Data excerpt =

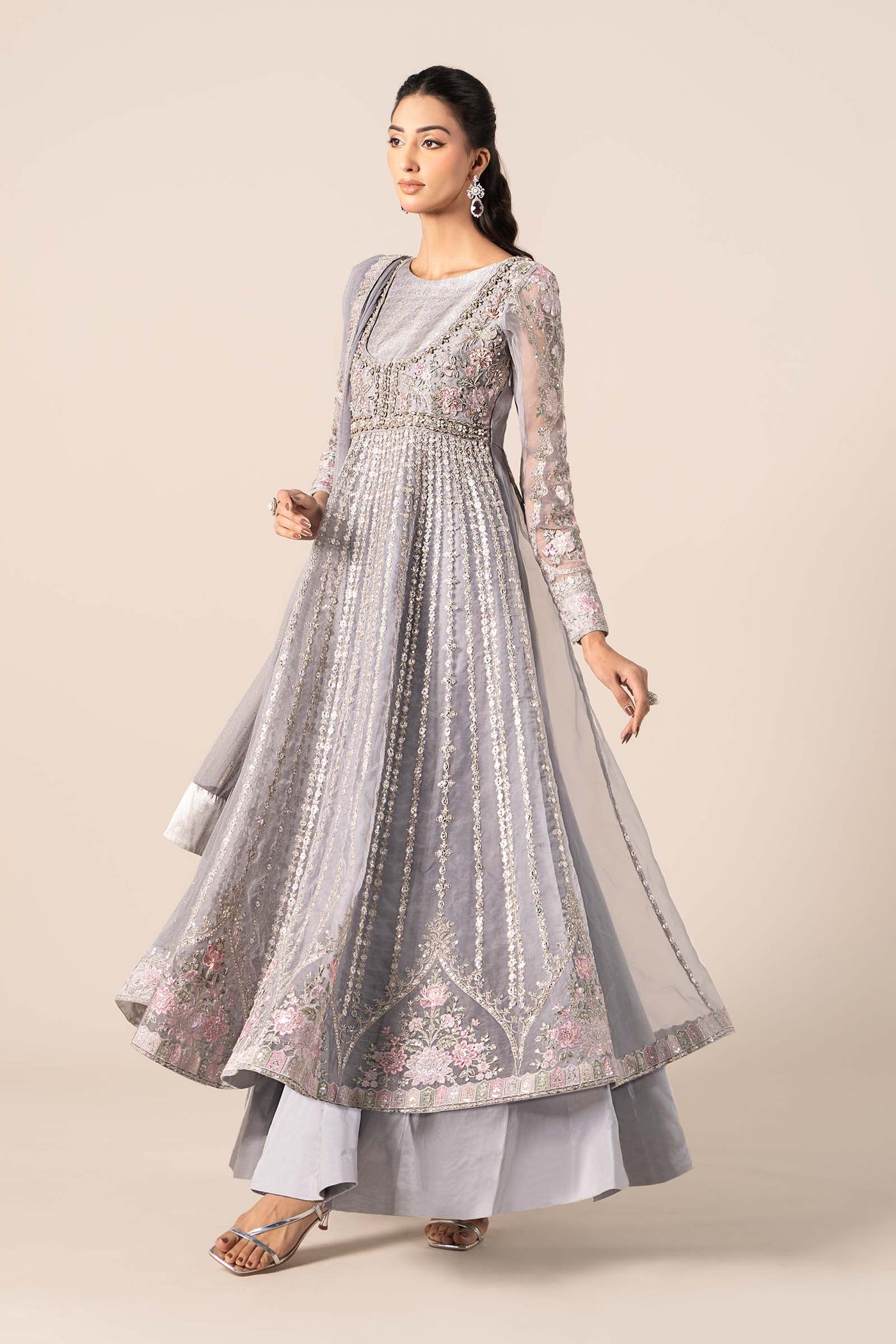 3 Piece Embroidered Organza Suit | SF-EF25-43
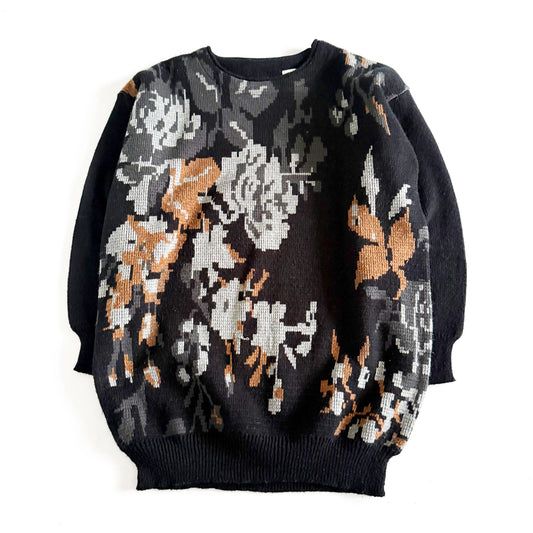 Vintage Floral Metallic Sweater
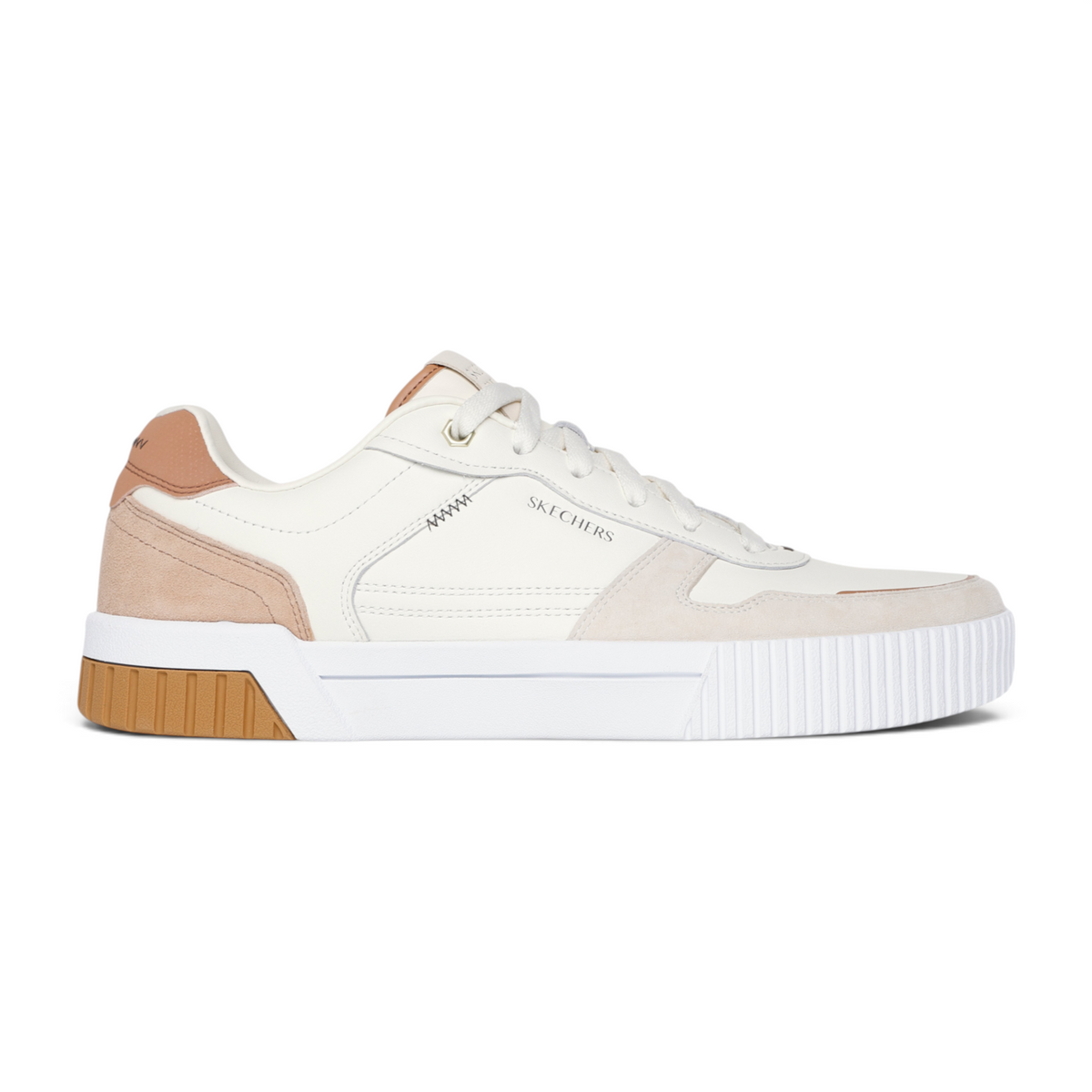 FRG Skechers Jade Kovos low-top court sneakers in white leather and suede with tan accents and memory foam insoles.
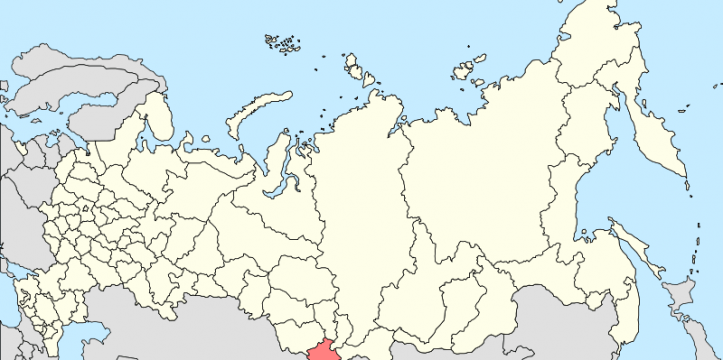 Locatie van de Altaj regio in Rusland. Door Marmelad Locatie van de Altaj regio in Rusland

Required work = Only the lines from the one with "Vintage Floral Metallic Sweater" through the end of the data, both ends included, should be written out exactly, and no pictures should appear.

Output of the exercise =
 Vintage Floral Metallic Sweater
 FRG Skechers Jade Kovos low-top court sneakers in white leather and suede with tan accents and memory foam insoles.
 Locatie van de Altaj regio in Rusland. Door Marmelad Locatie van de Altaj regio in Rusland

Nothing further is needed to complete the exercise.